Ficou patente, quer na consulta pública, quer na conferência promovida pela SEARICA, que alguns Estados-membros estão “preocupados” com a capacidade dos Estados costeiros em gerir e monitorizar as suas ZEE. É preciso que essa preocupação se traduza oportunamente no apoio a políticas e mecanismos comunitários que permitam aos Estados costeiros, porque mais vocacionados e mais próximos, exercer as suas competências. É preciso deixar claro que, se a Europa criar as condições para tornar os países costeiros mais fortes, mais forte e efetiva será a própria Europa no domínio dos oceanos. E nunca é demais recordar que o Atlântico – o maior e mais importante ecossistema europeu – disponibiliza um conjunto de serviços que são de fruição comum e não apenas dos Estados costeiros.
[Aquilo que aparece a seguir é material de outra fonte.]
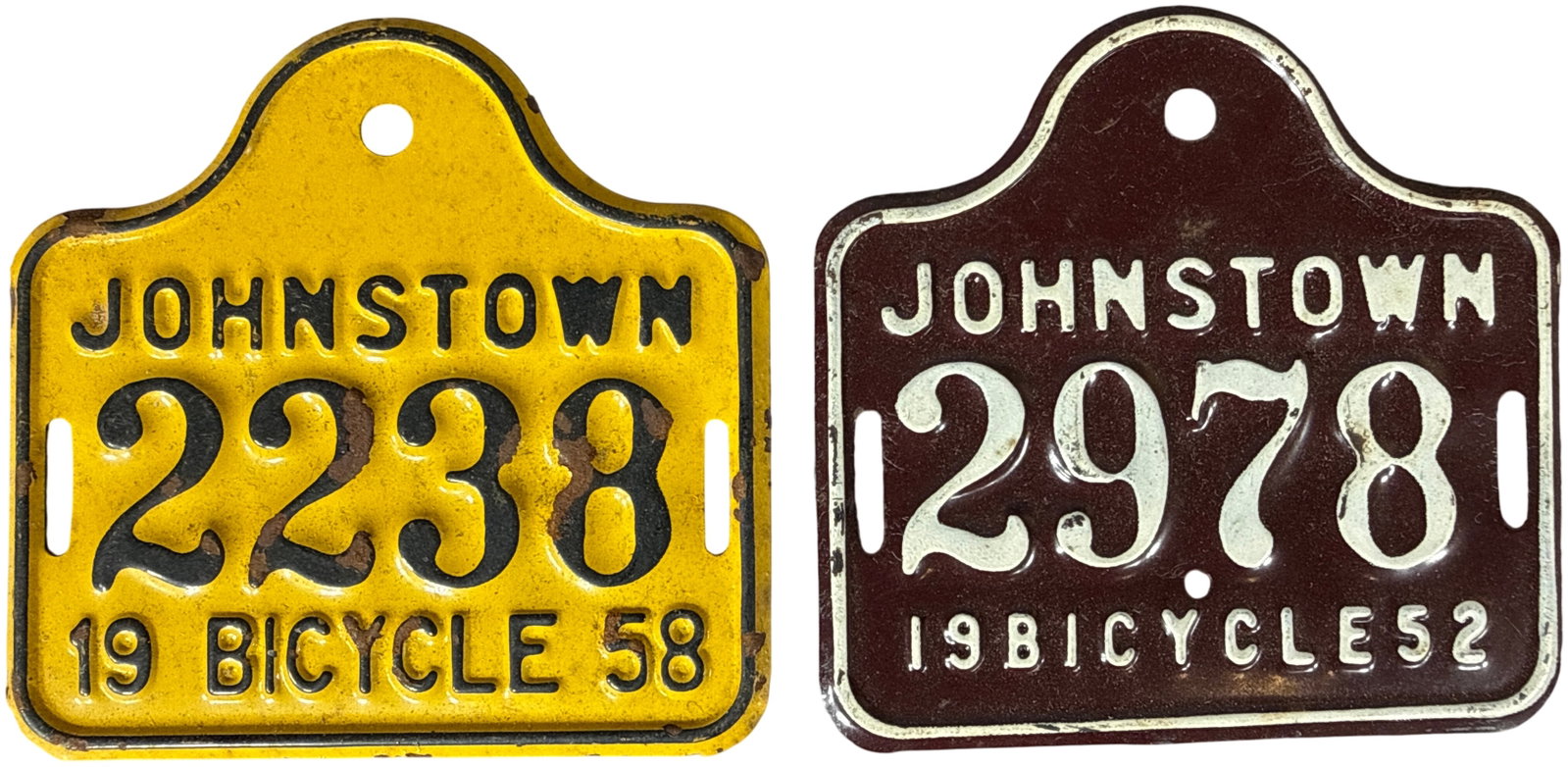 Vintage Johnstown Embossed Metal Bicycle License Plates, 1952 and 1958: This lot features municipal bicycle registration tags from Johnstown. The plates are constructed of embossed painted steel. The 1952 registration tag features a maroon background with cream-colored em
Os mecanismos financeiros e regulamentares têm de ser justos e proporcionais à vocação marinha e às responsabilidades de cada Estado ou região, e devem premiar as práticas verdadeiramente sustentáveis. Não podemos aceitar que terceiros países ponham em causa essa aspiração, sobretudo países que beneficiaram fortemente de mecanismos como a PAC, que predou o orçamento comunitário de modo a proteger a agricultura europeia das importações de países não europeus, premiando os grandes produtores em detrimento de pequenos agricultores que exercem práticas agrícolas mais sustentáveis. Não podemos permitir uma revisitação da PAC, com o agravante de estarmos a falar das “nossas” águas, do nosso mar. A cooperação, contudo, é bem-vinda, inclusive de países não costeiros ou de inexpressiva ZEE.
E temos de fazer o nosso “trabalho de casa” envolvendo toda a sociedade, numa estreita articulação entre a administração e o sector privado. Tendemos a reduzir a relação sector público – sector privado a uma mera troca de impostos por serviços públicos.
Porque é que a monitorização ou o conhecimento das águas marinhas, por exemplo, hão de ser uma incumbência exclusiva da administração pública? A responsabilidade de assegurar o bom estado ambiental e a fruição não são coletivas? Evidentemente que o Estado tem de assegurar princípios de regulação, transparência e equidade, mas isso deve afastar o sector privado da monitorização das águas marinhas? Porque é que o papel do privado se deve reduzir ao pagamento de impostos? Não haverá formas mais adequadas, proveitosas, e justas de participação?
Naturalmente que a cooperação terá de ser feita de forma inteligente para que as empresas não vejam a participação como mais um custo mas antes como um investimento. O Estado pode apoiar o tecido empresarial de diversas formas sem pôr em causa o interesse coletivo e a proteção e sustentabilidade dos seus recursos: produzindo regulação adequada, assegurando promoção institucional, criando condições de investimento e, sobretudo, dando espaço para que as empresas façam aquilo que sabem melhor – acrescentar valor!
Um tecido económico mais forte, assegura um Estado mais forte, Estados mais fortes asseguram uma União Europeia mais forte, e uma União Europeia mais forte assegura um papel mais forte, e não apenas legitimo, no contexto internacional, rumo a uma governação internacional dos oceanos!